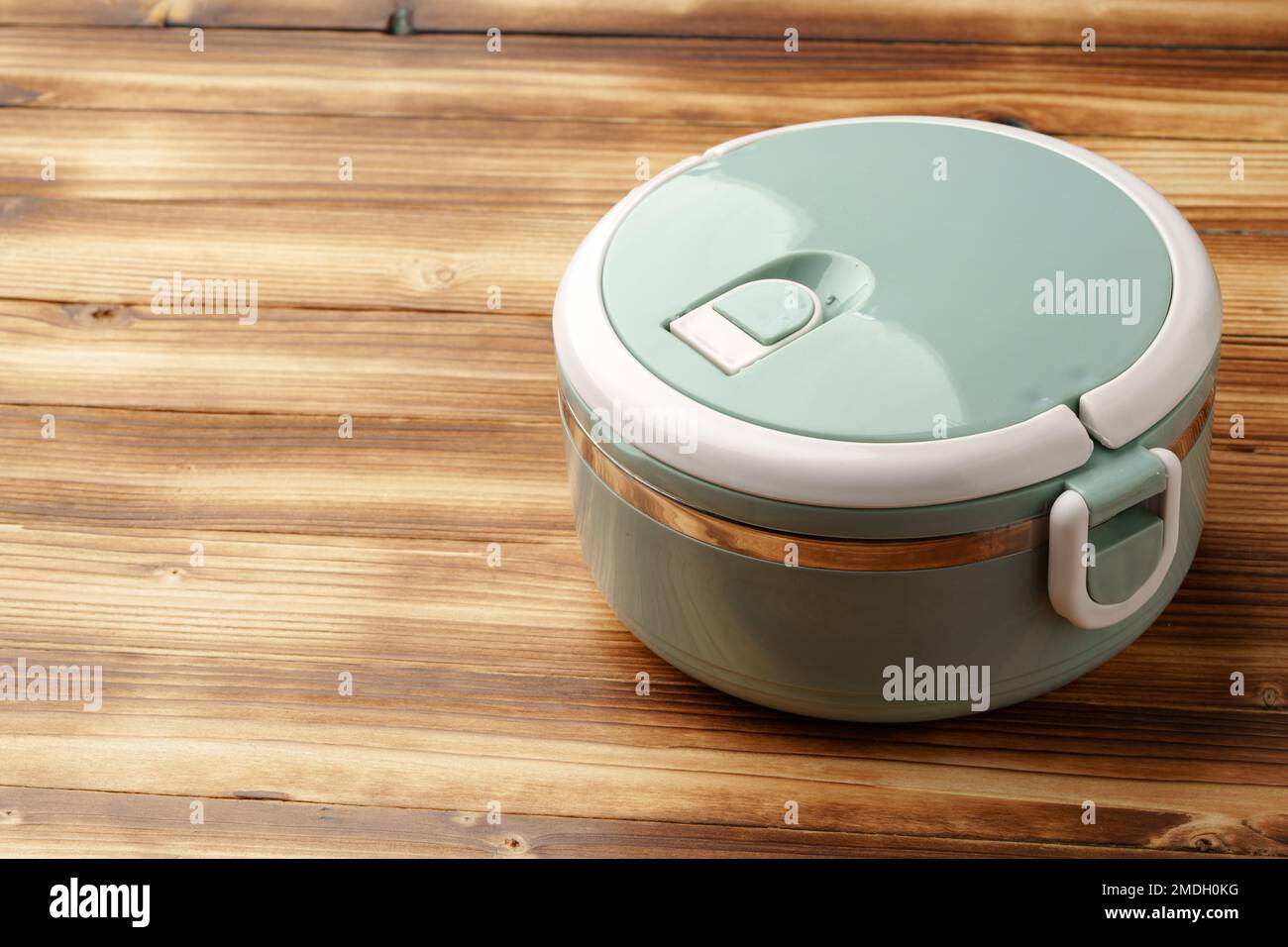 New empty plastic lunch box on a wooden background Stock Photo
#####
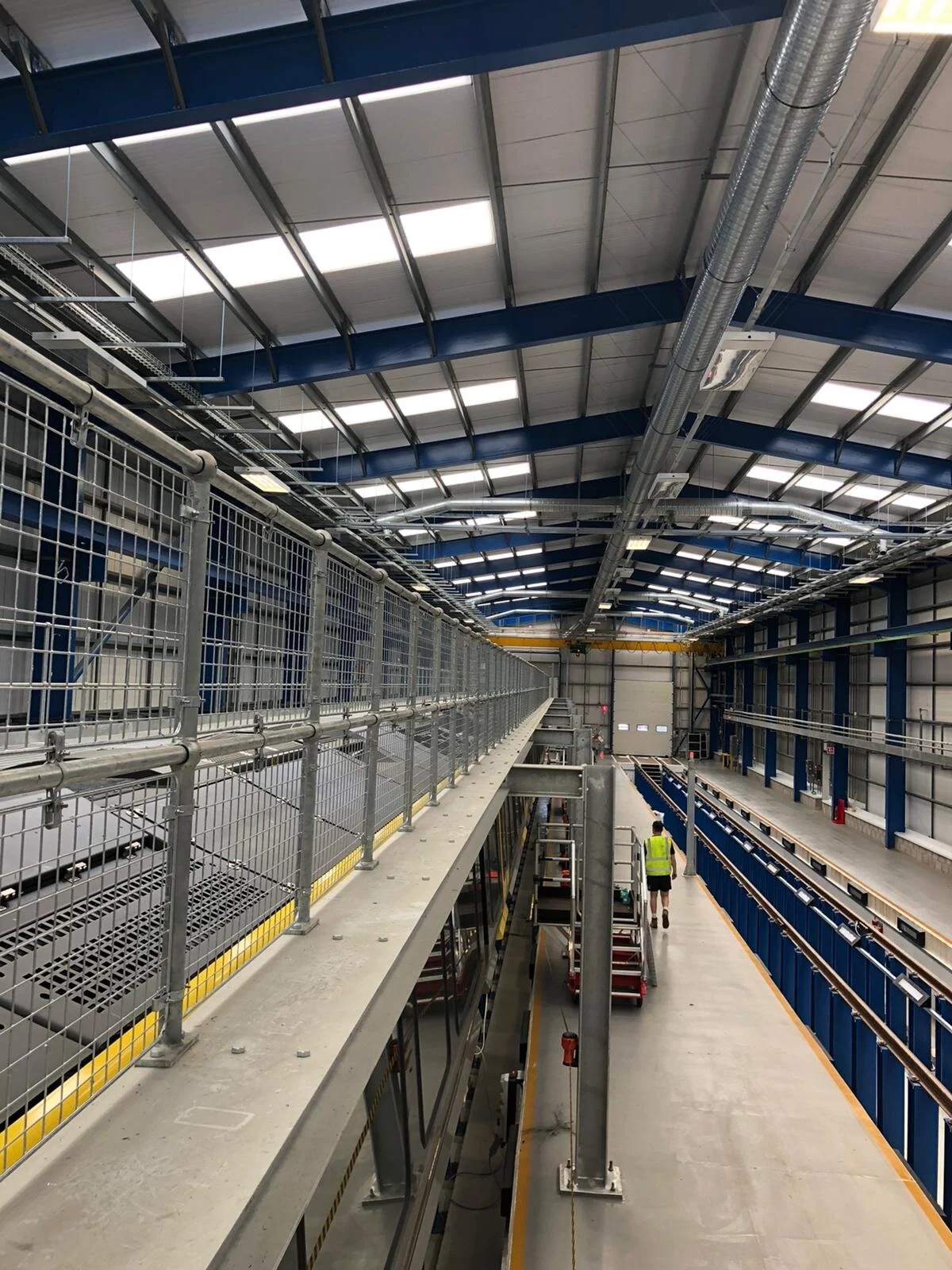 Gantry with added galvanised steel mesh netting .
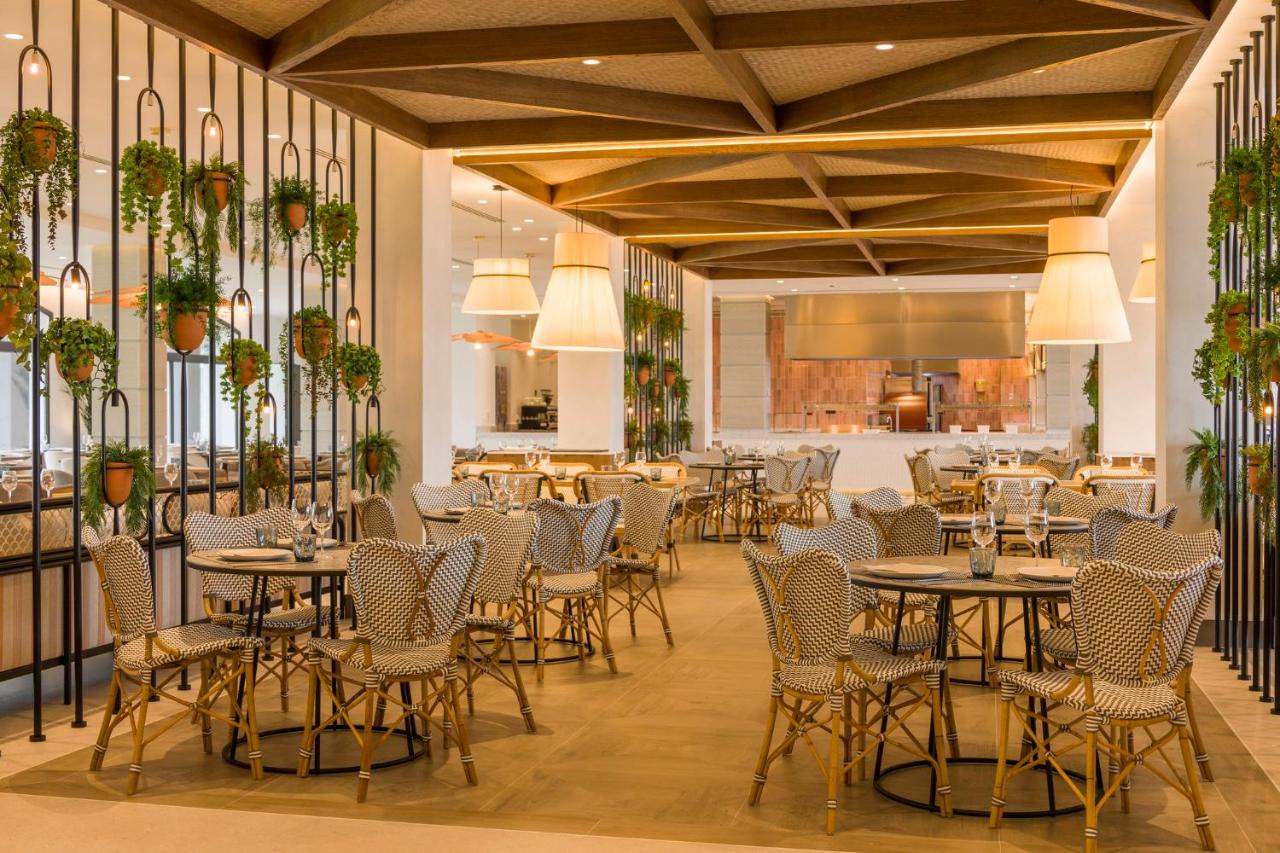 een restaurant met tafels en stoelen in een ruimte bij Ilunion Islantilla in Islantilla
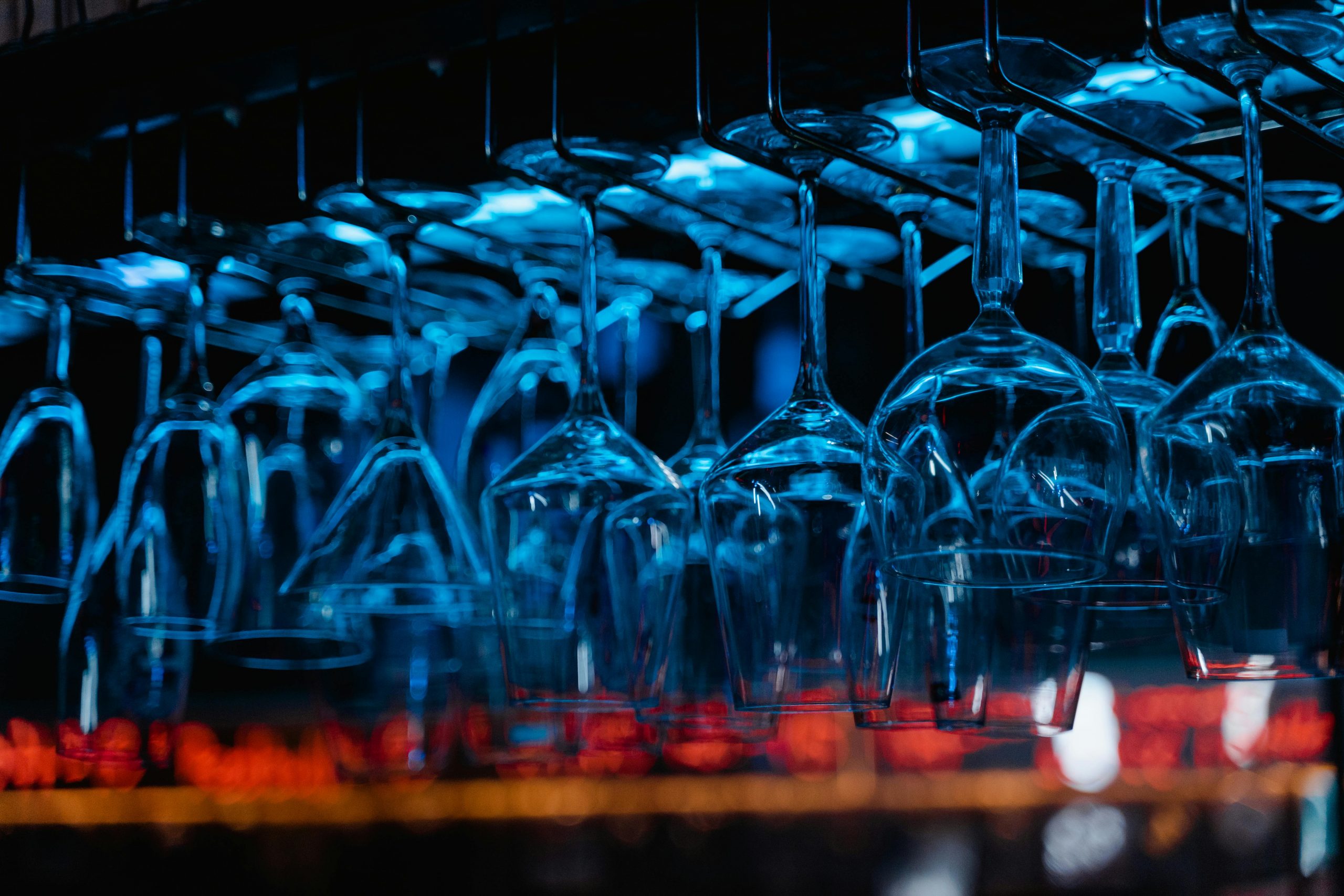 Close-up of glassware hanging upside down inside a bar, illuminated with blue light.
#####
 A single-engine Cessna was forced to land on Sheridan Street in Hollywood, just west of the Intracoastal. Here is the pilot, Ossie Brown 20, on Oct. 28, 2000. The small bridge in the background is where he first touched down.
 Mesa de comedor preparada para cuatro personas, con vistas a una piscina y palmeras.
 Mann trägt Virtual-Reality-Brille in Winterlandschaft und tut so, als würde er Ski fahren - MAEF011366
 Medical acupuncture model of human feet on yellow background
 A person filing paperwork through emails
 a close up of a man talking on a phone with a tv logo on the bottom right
#####
— AIM OF THE EXERCISE —
Taking the entries above, print exactly the lines starting at the line with "A single-engine Cessna" and ending at the line with "a close up of", both included.

— WRITTEN ANSWER —
 A single-engine Cessna was forced to land on Sheridan Street in Hollywood, just west of the Intracoastal. Here is the pilot, Ossie Brown 20, on Oct. 28, 2000. The small bridge in the background is where he first touched down.
 Mesa de comedor preparada para cuatro personas, con vistas a una piscina y palmeras.
 Mann trägt Virtual-Reality-Brille in Winterlandschaft und tut so, als würde er Ski fahren - MAEF011366
 Medical acupuncture model of human feet on yellow background
 A person filing paperwork through emails
 a close up of a man talking on a phone with a tv logo on the bottom right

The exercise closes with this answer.